Published online 2010 March 15. doi: 10.1051/medsci/2010263225.

Variants génétiques du gène IL28B et élimination du virus de l’hépatite C

Dominique Labie* and Helene Gilgenkrantz*

Inserm U567, CNRS UMR 8104, Institut Cochin, 24, rue du Faubourg Saint-Jacques, 75014 Paris, France
Corresponding author.

MeSH keywords: Antiviraux, usage thérapeutique, Régulation de l'expression des gènes, effets des médicaments et des substances chimiques, Hépatite C, traitement médicamenteux, génétique, Humains, Interféron alpha, Interleukines, Polymorphisme génétique, États-Unis d'Amérique, Consentement d'un tiers, législation et jurisprudence

 

L’hépatite C (causée par le virus C ou VHC) est un problème majeur de santé publique. L’OMS en estime la prévalence à environ 170 millions de cas dans le monde (3 % de la population mondiale), avec environ 1 million de cas nouveaux chaque année. Il y aurait 3 millions d’individus infectés aux États-Unis, 300 000 en France. L’hépatite C représente aussi la principale cause d’évolution vers la cirrhose et l’hépatocarcinome. C’est dire l’importance d’une thérapeutique efficace dont on sait qu’elle réduit drastiquement ce risque d’évolution.
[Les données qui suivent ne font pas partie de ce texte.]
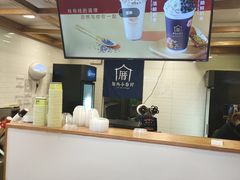 -厝内小眷村(长宁定西路店)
La prise en charge standardisée d’une hépatite C chronique de génotype 1, le plus fréquent dans les pays industrialisés, comporte l’association pendant 48 semaines de PEG-INF-α1 (pegylated interferon α) à libération prolongée et de ribavirine (RBV, un analogue nucléosidique de synthèse utilisé comme antiviral). Ce traitement ne permet d’obtenir une réponse virale soutenue (ou RVS définie par la non-détection de l’ARN du VHC dans le plasma des patients après traitement) que dans environ la moitié des cas chez les sujets infectés par ce génotype [ 1]. Or, le traitement est coûteux et induit des effets secondaires non négligeables parmi lesquels des troubles dépressifs, une thrombopénie ou une anémie pouvant justifier son arrêt prématuré. Être capable de prédire une RVS au traitement est donc devenu un enjeu important. Parmi les facteurs prédictifs de bonne réponse, on note des facteurs individuels (âge, ethnie, facteurs de comorbidité, degré de fibrose hépatique) et des facteurs viraux (charge virale initiale, charge virale à 12 semaines de traitement). Néanmoins, jusqu’à présent, très peu de données permettaient de prédire une RVS et encore moins de comprendre les mécanismes la sous-tendant. Or, en l’espace de deux mois, quatre articles publiés dans des revues scientifiques prestigieuses établissent un lien entre l’interféron (IFN)-λ3 - ou interleukine (IL) 28B - et l’élimination du virus de l’hépatite C, que celle-ci soit spontanée ou induite par le traitement.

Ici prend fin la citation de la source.